Sun Communities, which owns about 515 communities across North America and the United Kingdom, did not respond to inquiries from the Bangor Daily News.

The Hancock Heights resident said moving a mobile home — which most residents own — can cost upwards of $10,000, leaving most with few options. Her monthly lot rent has jumped $116 in under four years.

“A lot of us fear that we’re not going to have a roof over our heads because we can’t keep affording these rent increases,” the resident added.

She also noted that rent hikes are applied on each resident’s move-in anniversary, so increases are staggered throughout the year. Maine law allows tenants to appeal a rent increase if more than half of the park’s residents request rent mediation.

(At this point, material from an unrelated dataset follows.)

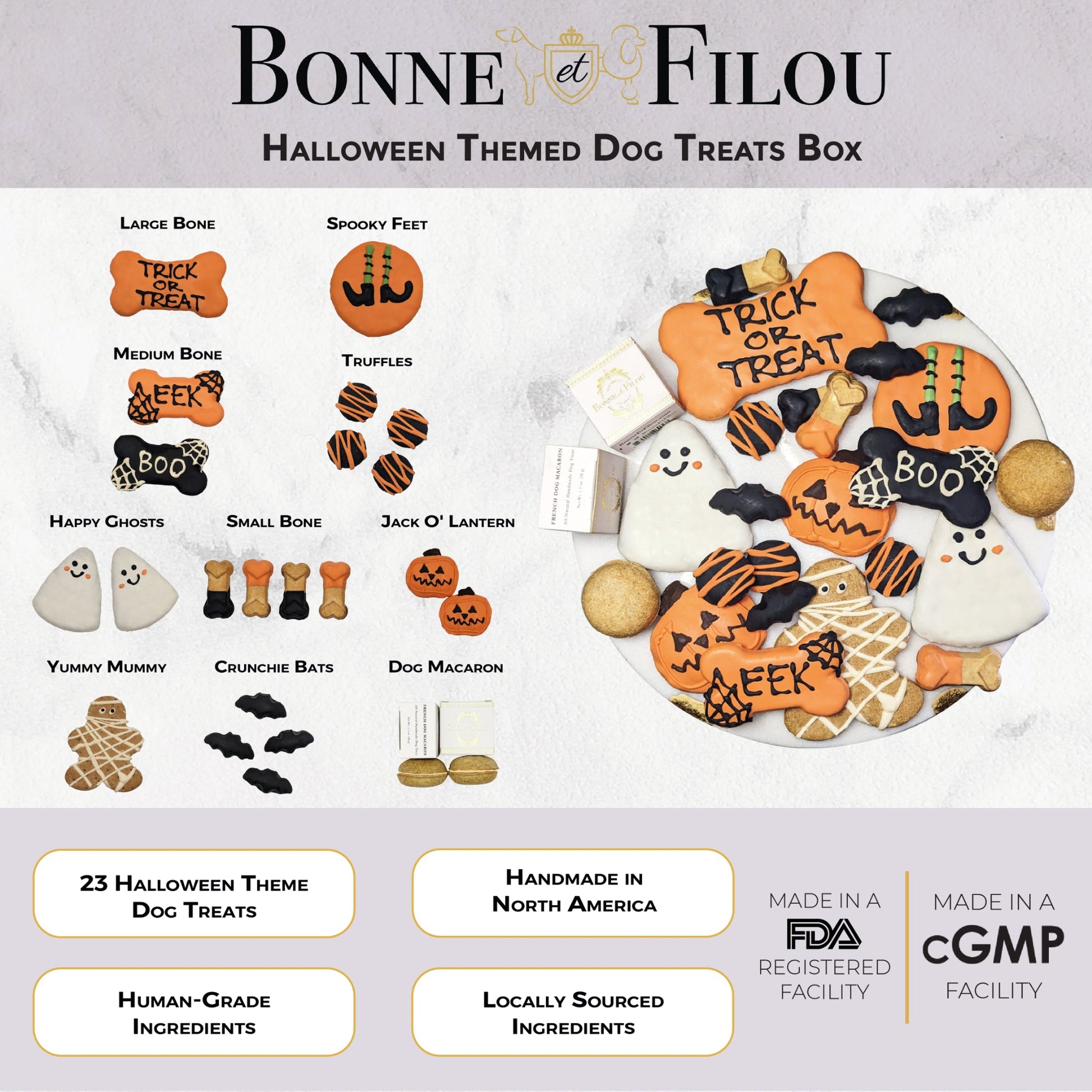 Dog Treats Halloween Themed Treats Gift Box for Daily Use - close up product image for dog treats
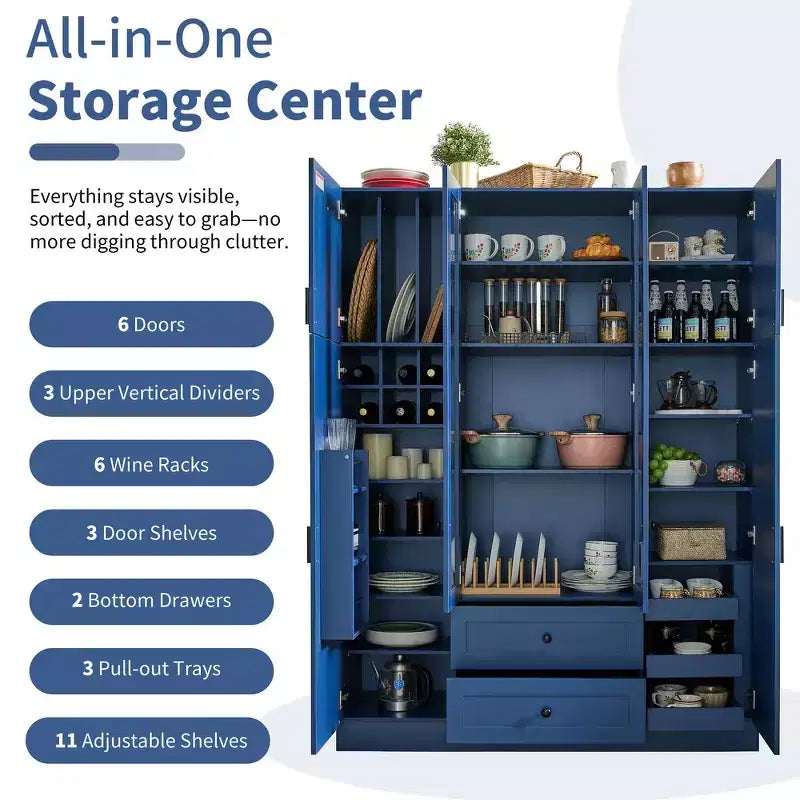 Armoire de rangement de cuisine sur pied Whisen 71H, grand buffet de salle à manger avec 6 portes et étagères réglables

“In places like Hancock, where everybody gets their increases at different times, that’s never going to happen,” according to Jennifer Reynolds, an organizing fellow with the progressive nonprofit Maine People’s Alliance.

Reynolds said efforts to cap lot rents — both permanently and temporarily — are gaining momentum as out-of-state corporations buy up more Maine mobile home parks.

“It’s an investment opportunity for them,” Reynolds said. “They’re just going to extract as much wealth as they can and move on.”

She identified four towns with lot rent control ordinances already in place— Sanford, Searsport, Waterville and Old Orchard Beach — and at least seven municipalities where temporary caps have been approved. Other residents have banded together to buy their mobile home communities, including the 129-lot Cedar Falls Mobile Home Park in Bangor.

In mid-May, Sanford city councilors adopted a new rule that will bar mobile park owners from raising rents above 3%, limit them to doing so once every 12 months and require they provide 90 day notice to residents.